Todleben, ingénieur prussien au service du tsar, élabore un excellent réseau de tranchées, de forts et de parapets contre lesquels s’écrasent les assaillants. Constatant par ailleurs l’infériorité de leur flotte par rapport à celle des Alliés, ils décident d’utiliser leurs navires de manière non conventionnelle : ils en coulent sept à l’entrée du port pour empêcher l’ennemi d’y pénétrer et démontent leurs pièces d’artillerie, qu’ils placent dans leurs défenses terrestres.

Les chefs alliés du siège de Sébastopol.
L’année suivante, les opérations militaires se sont concentrées autour de la ville assiégée. Il s’agissait d’une action de siège typique, avec des mines, des fossés, des tranchées et des parapets, où jour après jour, dans une sanglante bataille d’usure, les deux camps se sont battus pour le contrôle des positions. Comme dans toute bataille de ce type, la victoire est revenue au camp disposant du plus grand nombre de troupes et de réserves.

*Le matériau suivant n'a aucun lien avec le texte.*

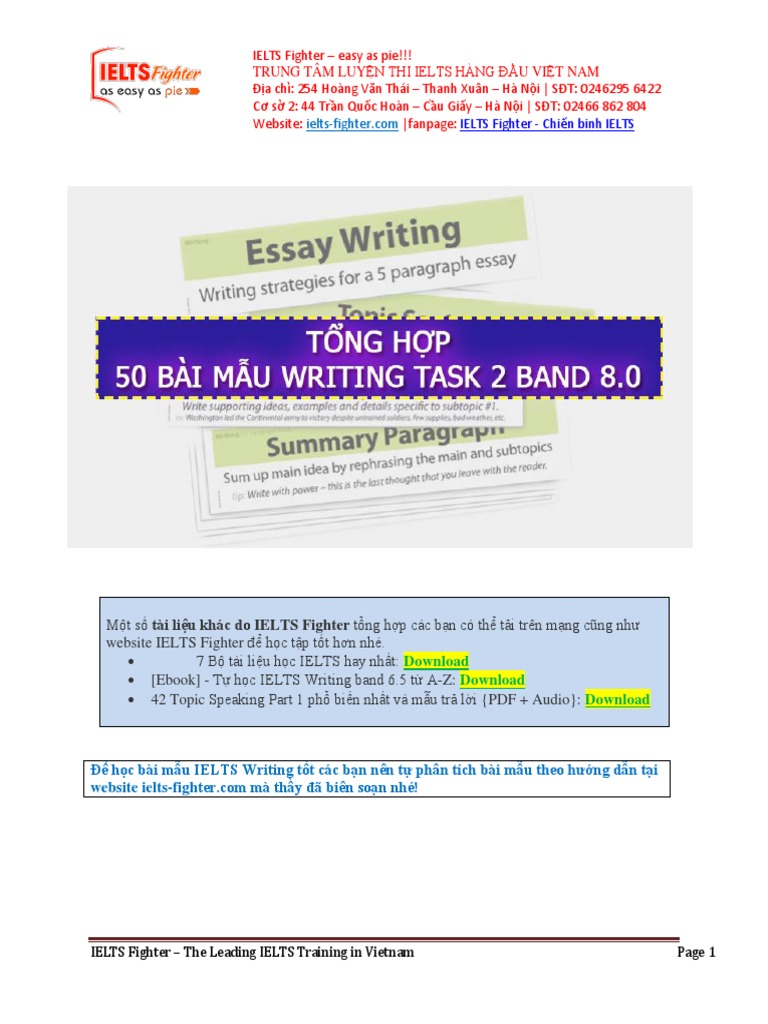 Ielts Writing Task 2 Bai Mẫu Ielts Fighter Foreign Language Psychology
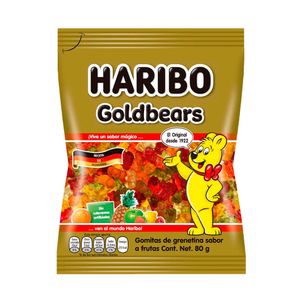 GOMAS HARIBO GOLD BEARS BOLSA 80 G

Les défenseurs subissent 60 % de pertes mortelles, dont six amiraux et leur commandant, ce qui porte un coup sévère à leur moral. Les pillards, bien approvisionnés en munitions, tirent 52 000 coups par jour sur la ville. Finalement, après près d’un an de siège et constatant que la ville était irrémédiablement perdue, les Russes entamèrent une retraite ordonnée sur un pont de bateaux qu’ils avaient construit.

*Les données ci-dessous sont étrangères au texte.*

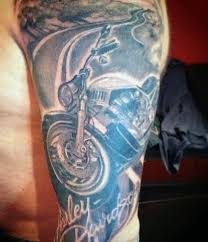 60 Motorcycle Tattoos For Men Two Wheel Design Ideas Design Ideas Men Motorcycle Motorcyclestattoo Tattoos Wheel 2020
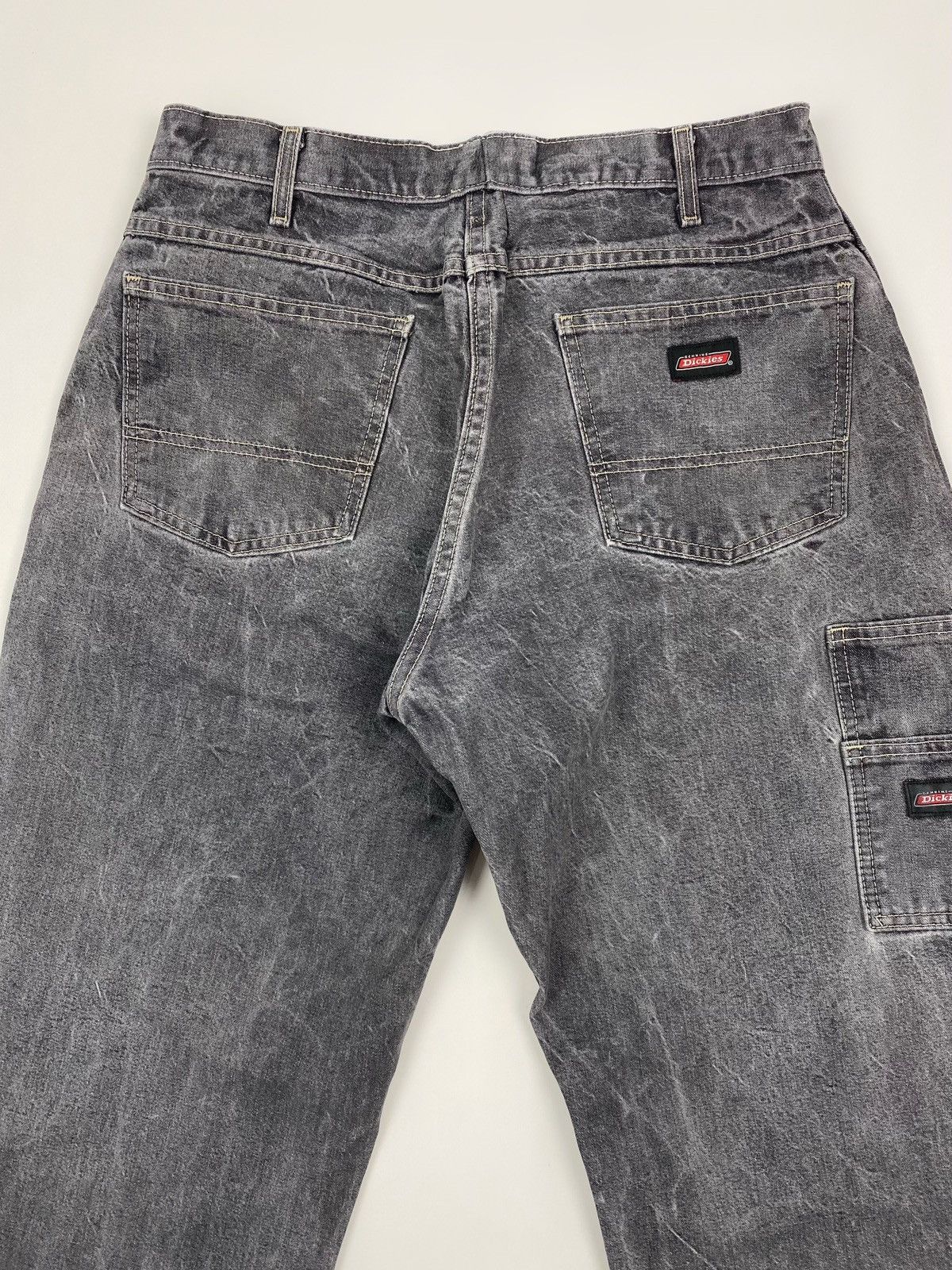 Dickies Dickies Loose Fit Washed Grey Carpenter Denim Pants 34X30 Size US 34 / EU 50 - 9 Thumbnail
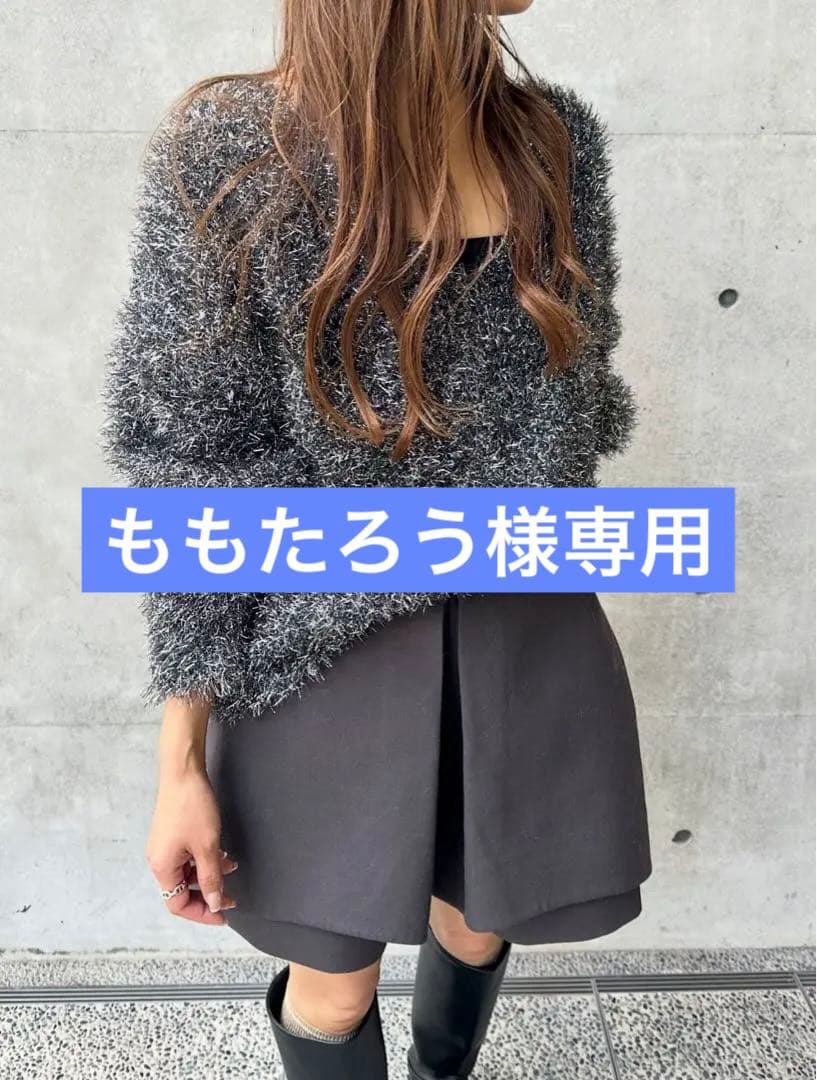 シーニュcygneダブルショートパンツ Lena　ブラック 1サイズ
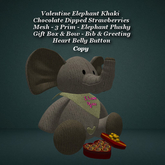 Valentine Elephant & Chocolates Khaki1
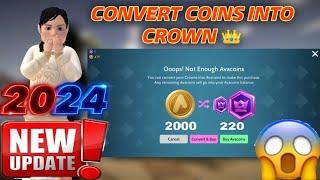 Avakin life 2024 new update:-convert coins into crowns 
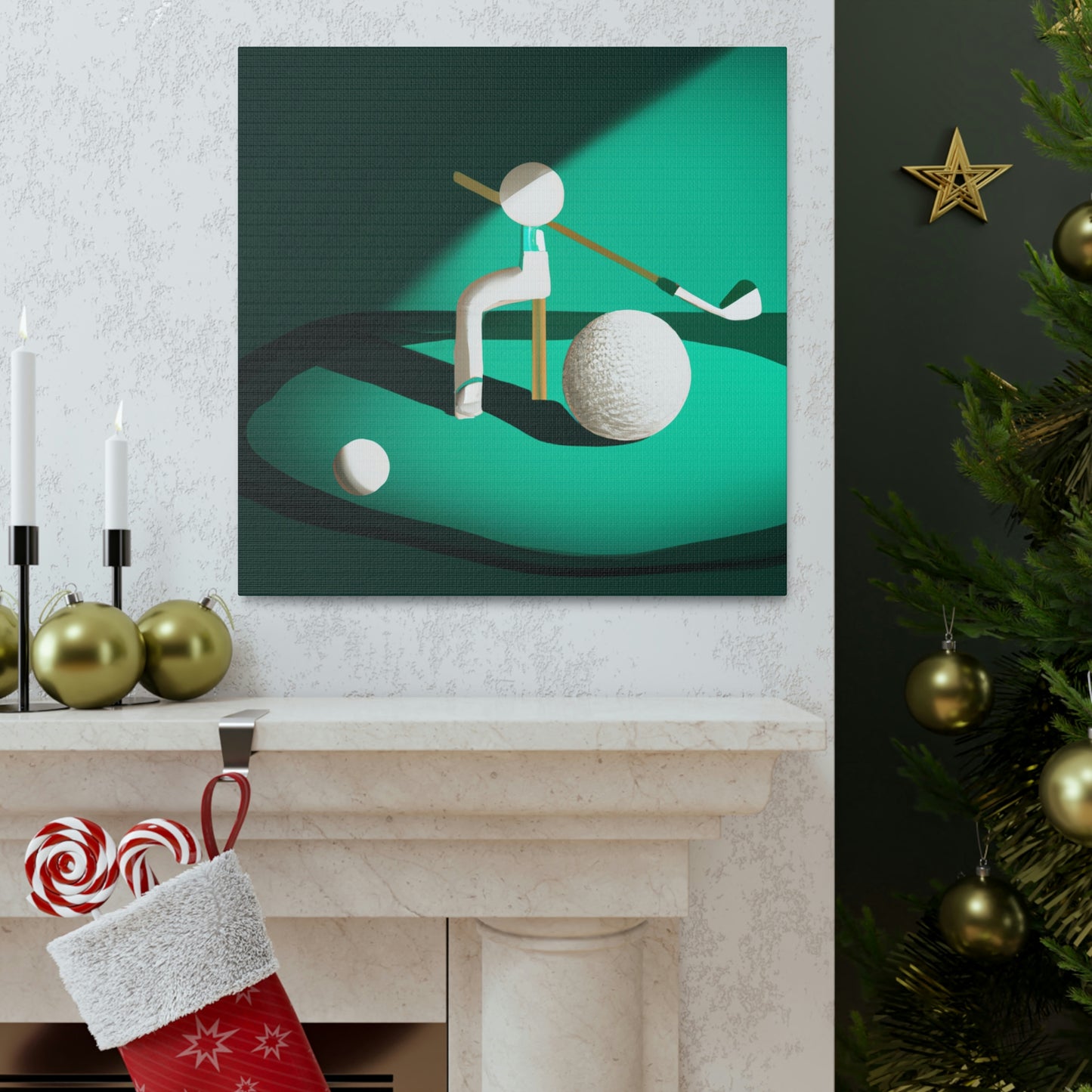 Golfing In Minimalism - Canvas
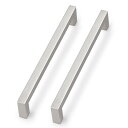 エムーエムショップで買える「つや消しニッケルキッチンキャビネット引き出しハンドルとPulls Squareステンレススチールハードウェア 5 Pack」の画像です。価格は7,706円になります。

Avec la chute de Sébastopol, la guerre est effectivement terminée, bien que la Russie soit encore en mesure de conquérir la ville arménienne de Kars et d’autres territoires voisins.
Malgré ces légères avancées dans le Caucase, la puissance slave est contrainte de renoncer à ses conquêtes danubiennes et à ses ambitions sur la Sublime Porte. Les Alliés, eux aussi, sont terriblement épuisés par les lourdes pertes qu’ils ont subies, ce qui facilite grandement la voie de l’armistice.

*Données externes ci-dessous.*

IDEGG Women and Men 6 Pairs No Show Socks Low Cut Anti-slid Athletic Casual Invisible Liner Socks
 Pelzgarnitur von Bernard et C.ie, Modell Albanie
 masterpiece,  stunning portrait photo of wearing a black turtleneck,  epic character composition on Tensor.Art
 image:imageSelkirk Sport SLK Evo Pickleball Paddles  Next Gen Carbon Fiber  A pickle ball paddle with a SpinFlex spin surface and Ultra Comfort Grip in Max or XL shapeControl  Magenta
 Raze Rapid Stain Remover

Gravure de la guerre de Crimée, 1855.
Les puissances neutres, la Prusse et l’Autriche, présentent une proposition de paix qui est acceptée par le nouveau tsar, Alexandre II, beaucoup plus libéral que son père, Nicolas Ier. L’accord comprend l’indépendance de la Valachie et de la Moldavie, la liberté de navigation sur le Danube et la mer Noire, qui est déclarée mer neutre, ainsi qu’une protection européenne sur le Danube et la mer Noire. L’accord prévoit l’indépendance de la Valachie et de la Moldavie, la liberté de navigation sur le Danube et la mer Noire, déclarée mer neutre, ainsi que la protection européenne des chrétiens et de leurs pratiques religieuses sur l’ensemble du territoire de l’Empire ottoman.
Sur le plan géostratégique, la France et la Grande-Bretagne deviennent dès lors les gendarmes de l’Orient, défendant les Turcs contre les ambitions expansionnistes des Russes et des Autrichiens.